### Exercise details
Write out the data again exactly, skipping every picture.

(Beginning of Data extract)

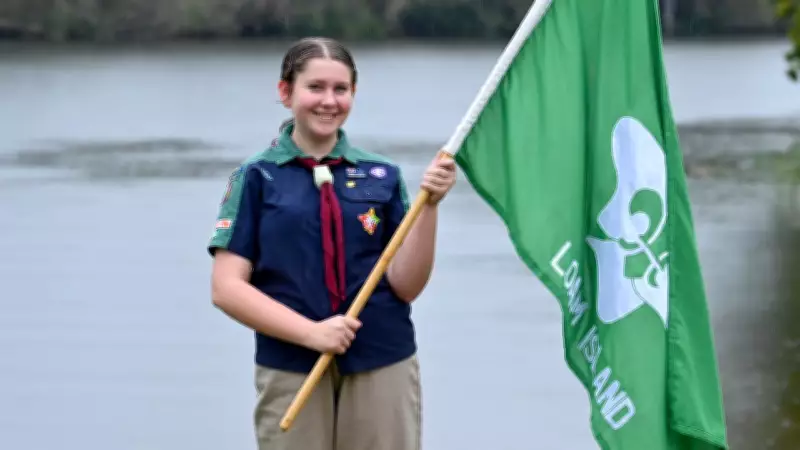 Townsville Scout Samantha Brennan Selected for Prestigious Global Jamboree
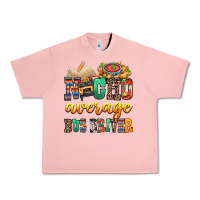 Salmon Nacho Average Bus Driver Urban Heavy Tee - texasbilliewilder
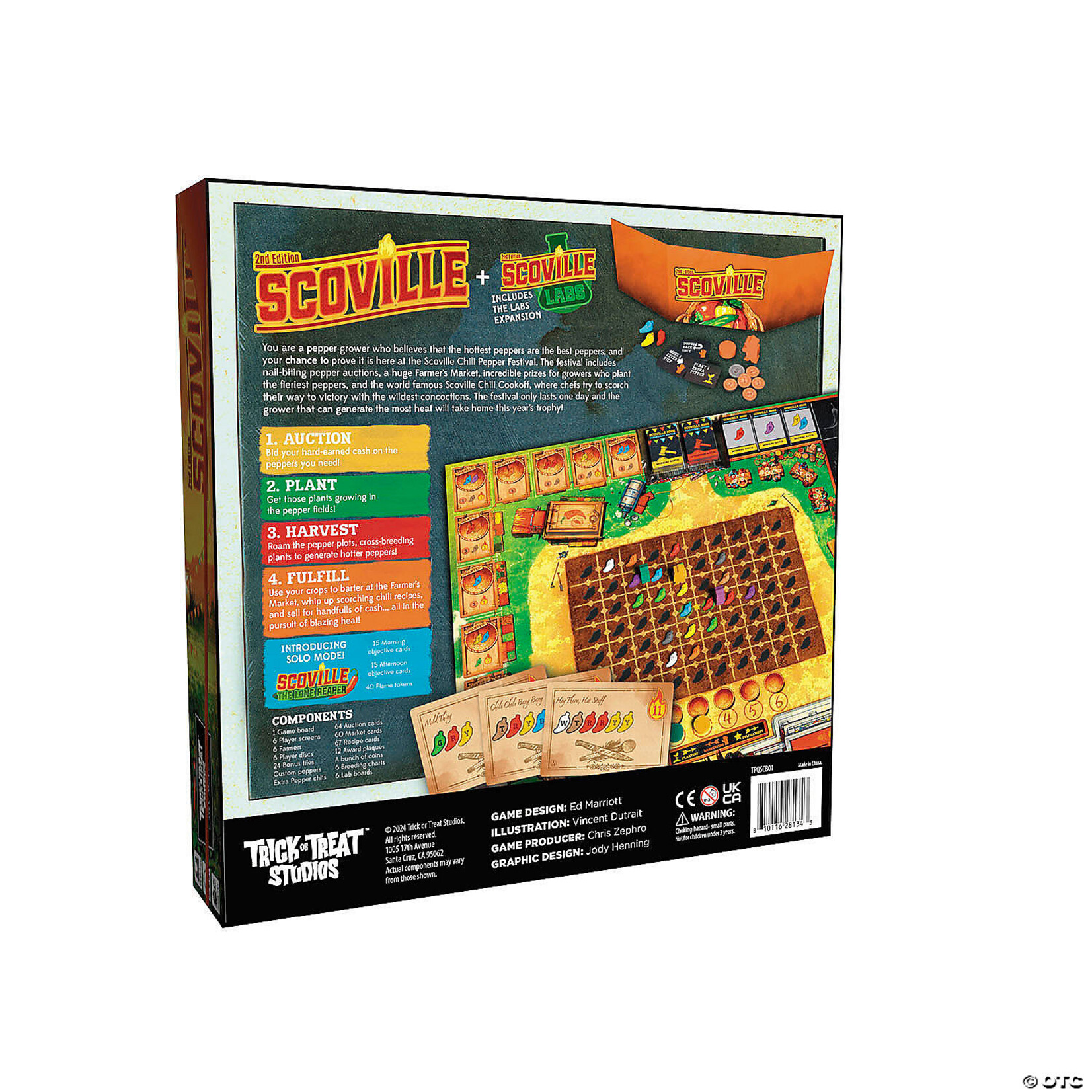 Tasty Minstrel Scoville 2nd Ed.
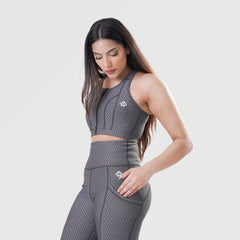 Fibr - Chic Elegance Bra ASH MELANGE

(End of Data extract)

### Answer space
 Townsville Scout Samantha Brennan Selected for Prestigious Global Jamboree
 Salmon Nacho Average Bus Driver Urban Heavy Tee - texasbilliewilder
 Tasty Minstrel Scoville 2nd Ed.
 Fibr - Chic Elegance Bra ASH MELANGE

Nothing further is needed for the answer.